LIVE REPORTROOKIE A GO-GO7/31 SUN
鈴木実貴子ズ
熱い気持ちを共有する鈴木実貴子ズのリアル
グリーンステージからジャパニーズ・ブレックファストの“Be Sweet”が聞こえてくる13時過ぎのルーキー・ア・ゴーゴー。木陰で涼みながら待っている人も多いが、鈴木実貴子(歌とギター)が歌い始めると、日差しも気にせず前の方に詰めかけていく。それくらい一発で凄いとわかる存在感。名古屋から来た鈴木とズ(ドラム)のツーピースバンド、鈴木実貴子ズの登場だ。
ミュージシャンとしての苦悩や焦燥感を赤裸々に歌にする“音楽やめたい”からライブは始まった。年季の入った見た目のアコギをかき鳴らしながら歌う熱情は凄まじいものがあり、“生きてしぬ”でも渾身の歌声とズの打音が、集まった聴衆に投げかけられていく。おいそれと口にできない、でも誰もが抱えている苦悩に似た部分を力強く言葉にする鈴木の歌には、生々しいリアルが詰まっている。
だがかといって突き放すような威圧感はなく、鈴木の歌は「刺さる」や「抉る」というよりむしろ「届く」という表現に近い。それはズと掛け合うMCのどこか和やかな雰囲気によるものもあるのだろうが(他のルーキーの感想をTwitterで見たりしてるらしい)、音楽に対するどこまでも真摯な想いが溢れているから、僕らも何も疑わず身を任せていられる。“都心環状線”や“アンダーグラウンドで待ってる”でも、青臭い綺麗事の白々しさごと言葉にするからこそ、応えるように突き上げる聴衆の拳も何一つまじりっ気がないのだろう。
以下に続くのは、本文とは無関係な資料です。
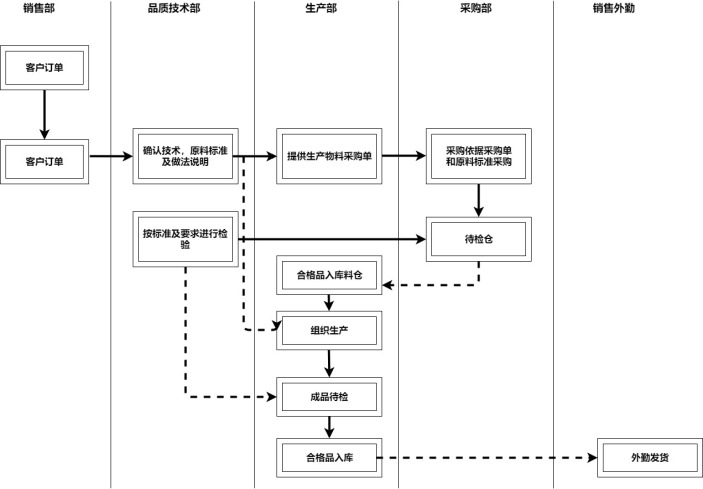 销售业务流程图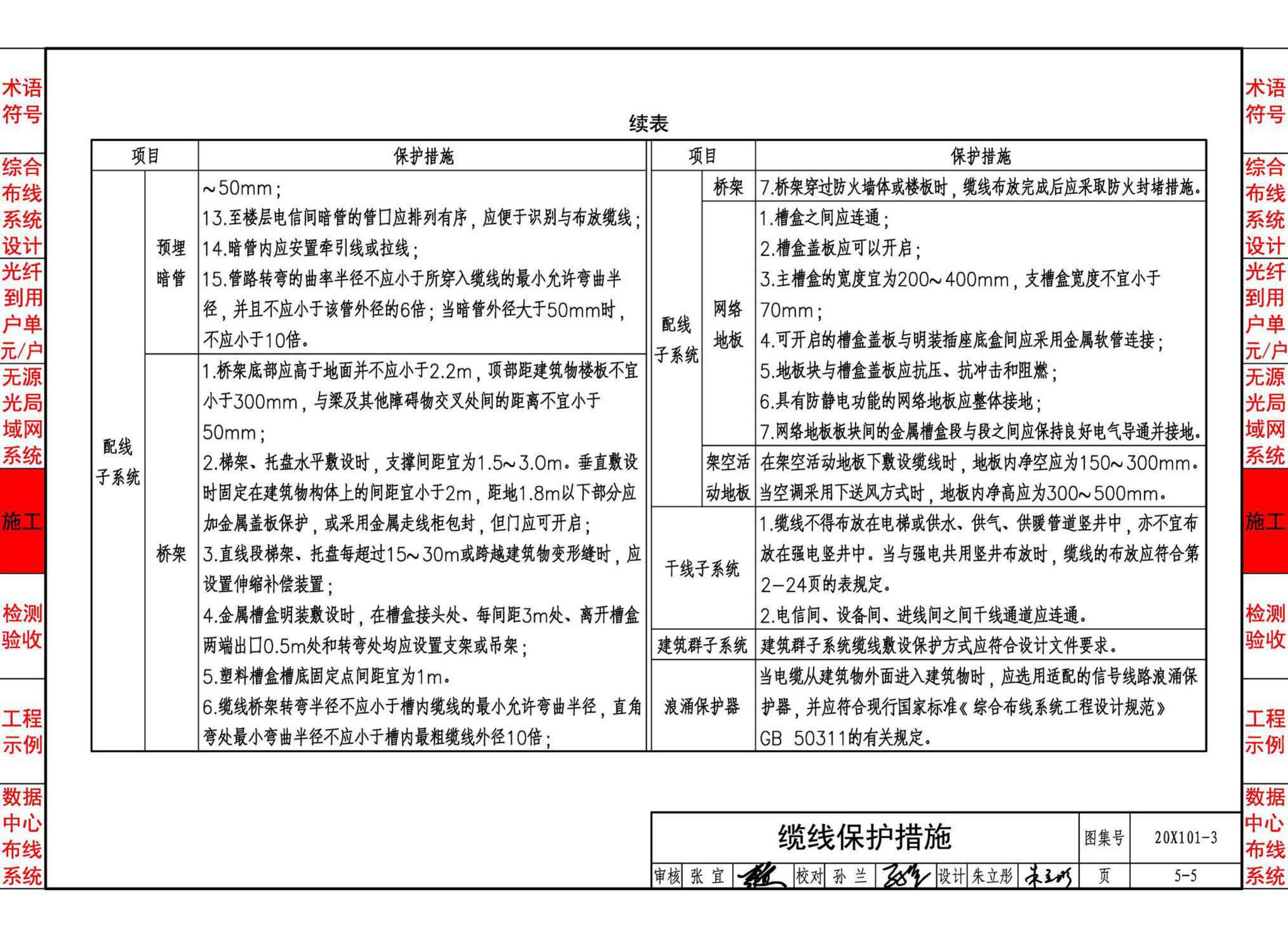 20X101-3--综合布线系统工程设计与施工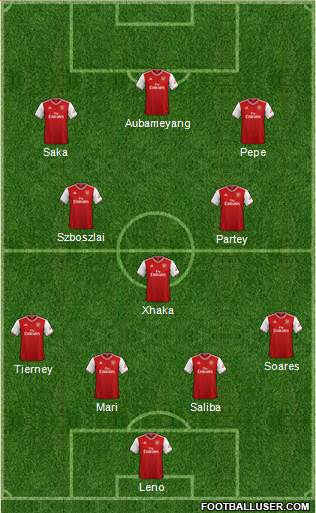 Arsenal Formation 2020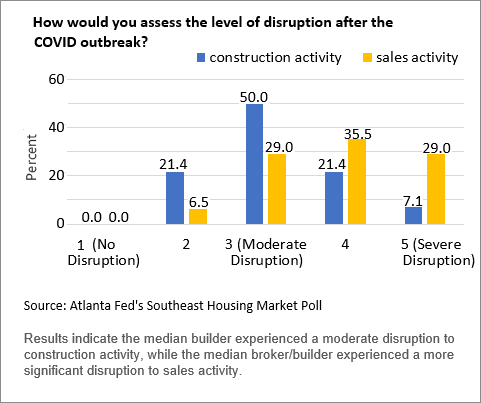 Chart 07: How Would You Assess the Level of Disruption After the COVID Outbreak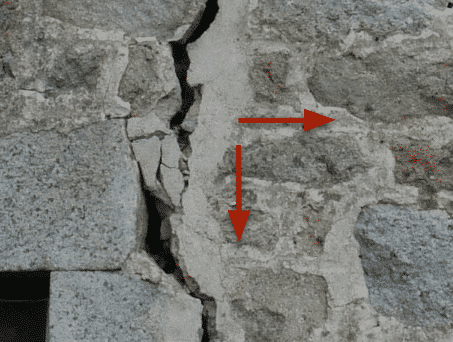 Suivi fissure sur 2 axes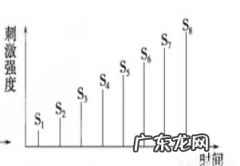 什么是阈刺激阈下刺激阈上刺激,刚能引起组织发生反应的最小刺激强度称为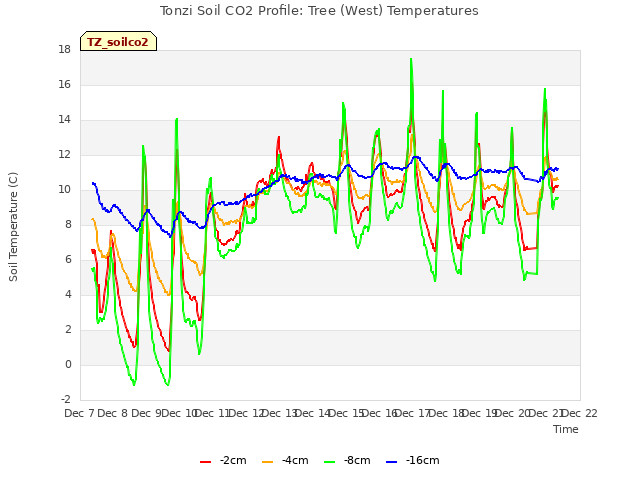 plot of Tonzi Soil CO2 Profile: Tree (West) Temperatures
そして生々しい独白から始まった“正々堂々、死亡”で「手拍子いらないです」と制する姿は、昨年GEZANのマヒトが「感動とかで締めたいわけじゃなくて」と語った姿とも重なったものだが、それを口にする理由は見ていれば一瞬で理解できる。“夕やけ”では終わってしまう名残惜しさを全員で共有しながら、2人のライブはほとんど一息で駆け抜けていった。
「投票があるんですよ」と話すズを鈴木は「うるせえ!!」と制し、最後の最後まで今この瞬間を歌い鳴らした鈴木実貴子ズ。冒頭の“音楽やめたい”では、賞レースの側面もあるルーキー・ア・ゴーゴーで「勝ち負けのない音楽を探している」と歌う鈴木は同時に「でもそんなの音楽じゃないとも思っている」とも歌っていた。現実から目をそらさず戦う姿を僕も活力にしたい、いや、しなければばらない。そんな熱い気持ちを共有した迫真のステージだった。